**PROBLEM REQUIREMENTS:** Return all of the data verbatim, dropping any picture.

**PROVIDED MATERIAL:**

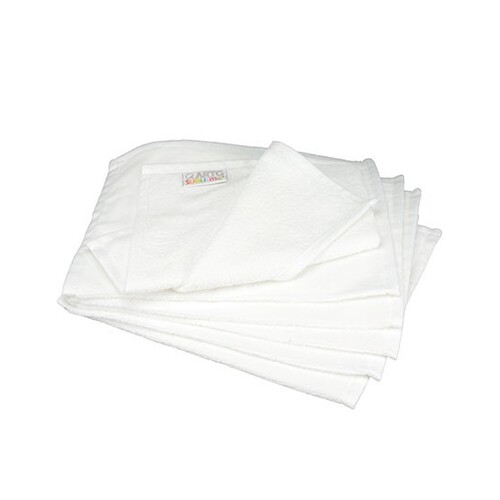 Toalla para huéspedes ARTG SUBLI-Me® All-Over Print (Blanca, 30 x 50 cm)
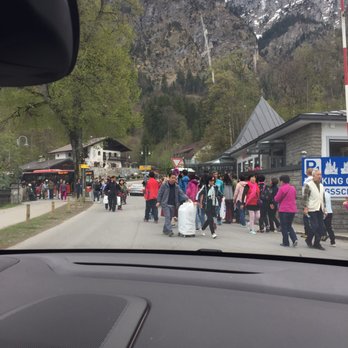Schloss Neuschwanstein - Go up this street to find the ticket office on the right - Landmarks & Historical Buildings Near Me - Schwangau, BY Schloss Neuschwanstein - Go up this street to find the ticket office on the right - Landmarks & Historical Buildings Near Me - Schwangau, BY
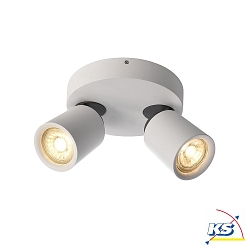 Loftlampe LIBRAE ROUND II Spot, GU10, hvid mat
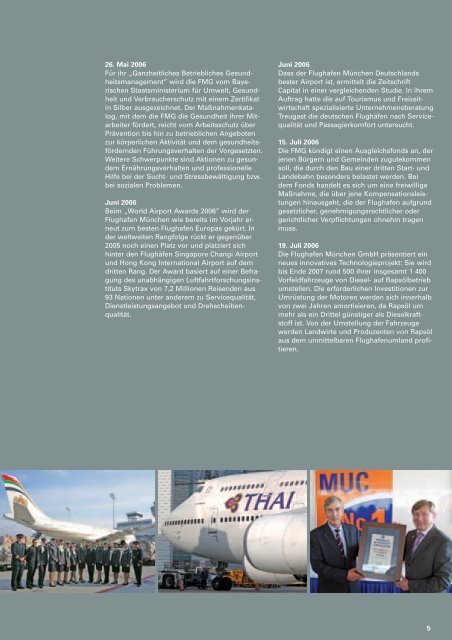 Geschäftsbericht 2006 (pdf) - Flughafen München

**RESULT FOR THIS EXERCISE:**
 Toalla para huéspedes ARTG SUBLI-Me® All-Over Print (Blanca, 30 x 50 cm)
Schloss Neuschwanstein - Go up this street to find the ticket office on the right - Landmarks & Historical Buildings Near Me - Schwangau, BY Schloss Neuschwanstein - Go up this street to find the ticket office on the right - Landmarks & Historical Buildings Near Me - Schwangau, BY
 Loftlampe LIBRAE ROUND II Spot, GU10, hvid mat
 Geschäftsbericht 2006 (pdf) - Flughafen München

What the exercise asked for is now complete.